# Toro 38602 - Ser# 220003980



## Ericg (Nov 3, 2013)

Hoping someone can assist with an engine id question. The engine tag on the recoil housing has the following listed:
Family: 1L4XS.1415BA
Model: 100-9536
The parts manual lists parts for B&S 084332 0199 E1 and 0130 E1
How do I know which engine listing in the parts manual to go by?
Any assistance would be greatly appreciated


----------



## HillnGullyRider (Feb 9, 2014)

Take Your Pick There is probably only minor differences like E start no E start , and carb/choke linkages and the like.... Find what matches best by the pictures, and see if it's still available.
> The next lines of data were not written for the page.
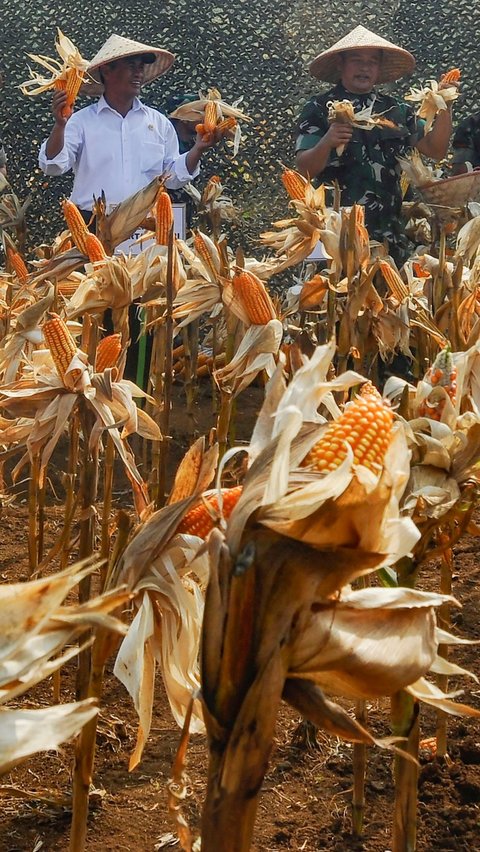 FOTO: Mesra Panen Jagung di Ciletuh, KASAD dan Mentan Bersinergi Mengubah Lahan Tidur Jadi Area Food Estate<br>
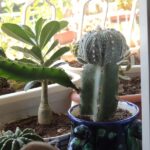 Как прививать кактусы в домашних условиях? Инструкция и видео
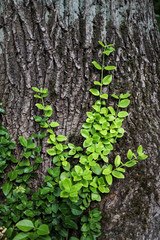 green ivy on the oak tree
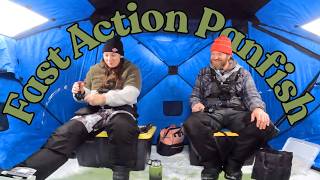 Fast Action Panfish on the Mississippi River Backwaters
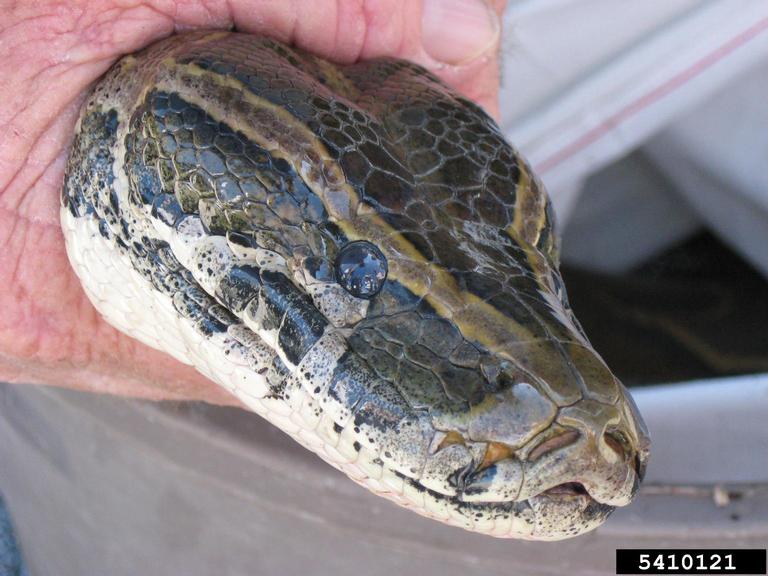 pythons (Genus Python)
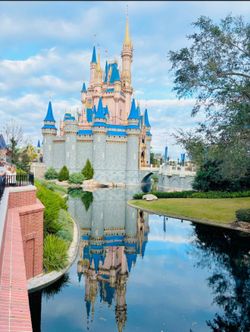 DISNEYLAND $150 EACH FIRM 🎫🎟️🎫🎟️🎫🎟️🎫🎟️🎫🎫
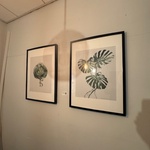 2x Wanddecoratie, ingelijst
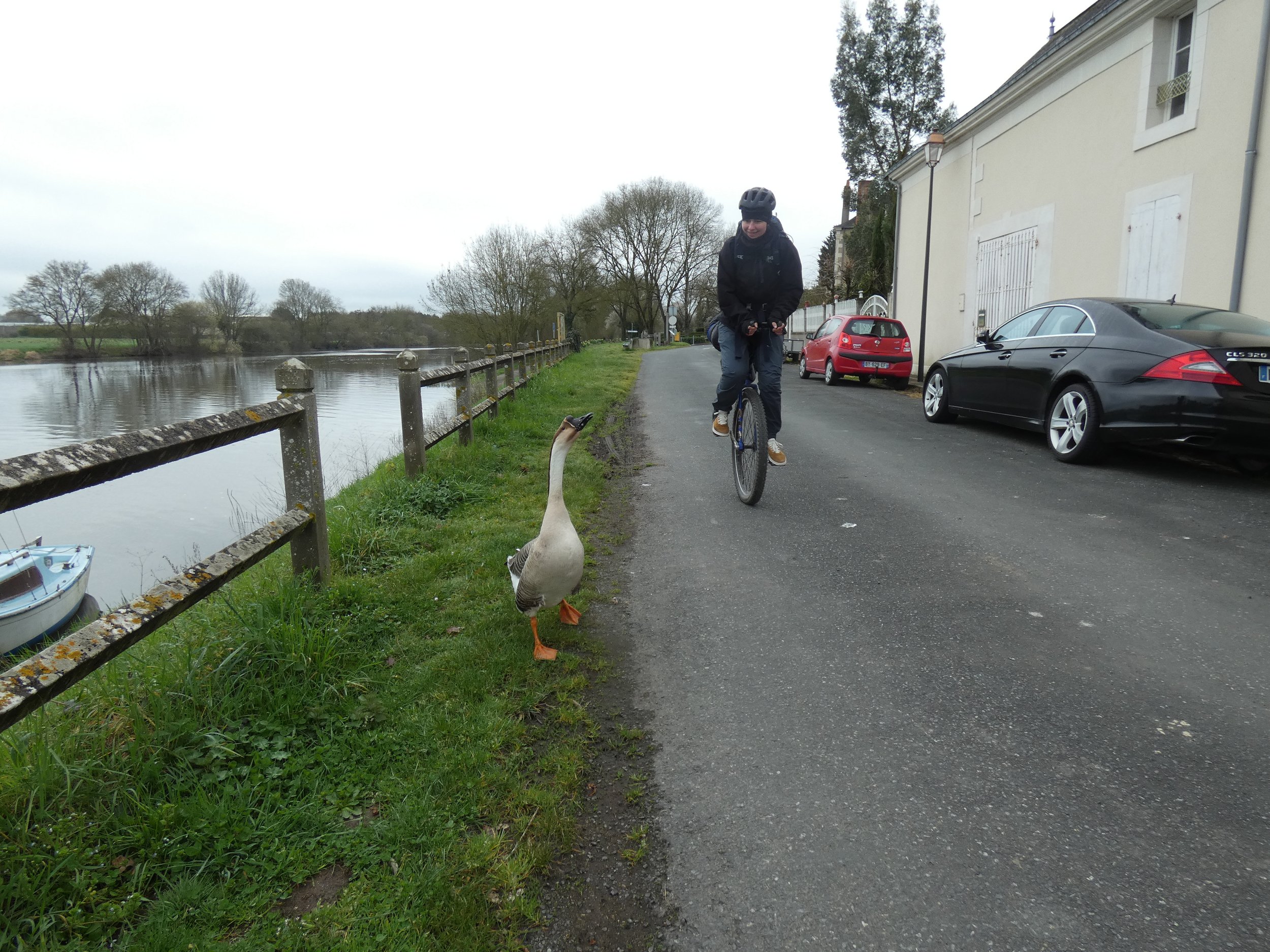 Une personne en monocycle regarde une oie près d'une rivière, avec des voitures garées sur le côté routier et des arbres en arrière-plan par temps nuageux.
Higher number in the model type code can usually mean later in the production run, but not always, So it would be helpful to know the date of production


----------



## Ericg (Nov 3, 2013)

HillnGullyRider said:


> Take Your Pick There is probably only minor differences like E start no E start , and carb/choke linkages and the like.... Find what matches best by the pictures, and see if it's still available. Higher number in the model type code can usually mean later in the production run, but not always, So it would be helpful to know the date of production


Thank you for the quick response HillnGullyRider. From what I have researched, based on the serial number, it is around a 2002 vintage.


----------



## HillnGullyRider (Feb 9, 2014)

Were you able to identify your parts at the link?


----------



## Ericg (Nov 3, 2013)

Yes, thanks. You were correct that one engine number was for the electric start model and the other was for the recoil only model.


----------